Friday, May 24, 2019
Jane Dammen McAuliffe
Doctor of Humane Letters
World-renowned scholar of Islam. Innovative educator. Prolific and insightful author. Champion of women’s rights.
Jane McAuliffe, you are a widely admired educator who has dedicated her career to cultivating meaningful dialogue between Muslims and Christians, promoting global education and advancing women around the world.
Your story is one of setting standards and achieving the highest goals. After graduating with a degree in philosophy and theology from Trinity Washington University, you pursued your Ph.D. in Islamic Studies from the University of Toronto, driven by a desire to learn more about a major world religion and an important area of human culture. Your dissertation revealed the rich vein of knowledge to be mined in comparative explorations of Islam and Christianity and was recognized as exceptional by the Middle East Studies Association.
You employed your newfound knowledge as a professor at Emory University’s Candler School of Theology and later at the University of Toronto as a professor and director of the Centre for the Study of Religion. You continued your distinguished activities at Georgetown University, where you were named the first woman dean of Georgetown College.
In 2008, you were named president of Bryn Mawr College. For the next five years, you led the institution through a vital period of growth, creating a 10-year, college-wide strategic plan; inaugurating a major in international studies; building university partnerships in Europe, the Middle East and Asia; and partnering with the U.S. Department of State to develop the Women in Public Service program. In 2009, Forbes Magazine recognized your remarkable efforts, naming you a top ‘barrier breaker’ among women presidents.
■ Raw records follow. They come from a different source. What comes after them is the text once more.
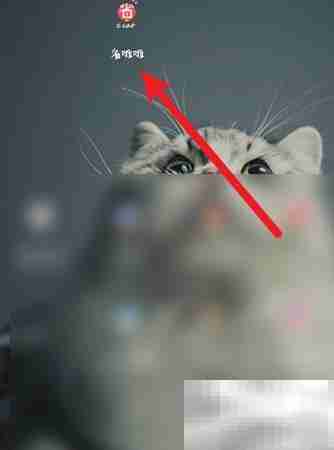 省啦啦本月收益查询指南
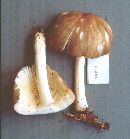 Megacollybia rodmanii image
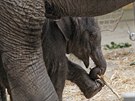 Nový len ostravské sloní rodiny je velmi inorodý a zvídavý.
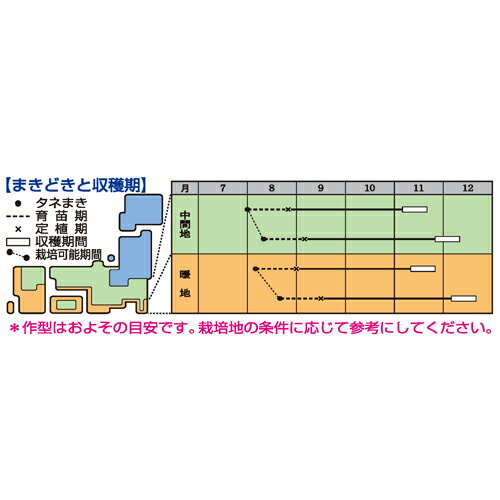 星岬SP タキイ交配 2000粒2センR キャベツ【タキイ 種 たね タネ】【通常5倍 5のつ...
You retired from Bryn Mawr in 2013 and a year later joined the Library of Congress as one of its highest-ranking members. Initially the director of The John W. Kluge Center and head of the Library’s Office of Scholarly Programs, in 2015 you were appointed the inaugural Director of National and International Outreach, and you now serve as Senior Advisor to the Librarian of Congress.
Your groundbreaking scholarship and innovative approach to promoting the lifelong benefits of education have earned you numerous commendations. An elected member of the American Philosophical Society, the Council on Foreign Relations and the American Academy of Arts and Sciences, you have received fellowships from the Guggenheim Foundation, the Rockefeller Foundation and the National Endowment for the Humanities.
Currently a Distinguished Fellow of Georgetown University’s Berkley Center for Religion, Peace and World Affairs, you have also served as president of the American Academy of Religion and a member of the World Economic Forum’s GAC on Women’s Empowerment. For a decade, you worked to promote dialogue between Christians and Muslims through your tenure with the Vatican’s Commission for Religious Relations with Muslims.
Throughout your career, you have insightfully advocated for the causes closest to your heart: meaningful interfaith dialogue, thoughtful global education, and the empowerment of women.
That all may know of our great esteem for you and our strong support for your commitment to furthering our understanding of Islam and championing the importance of education and dialogue in advancing our world, the College of the Holy Cross confers upon you this day the degree, Doctor of Humane Letters, honoris causa.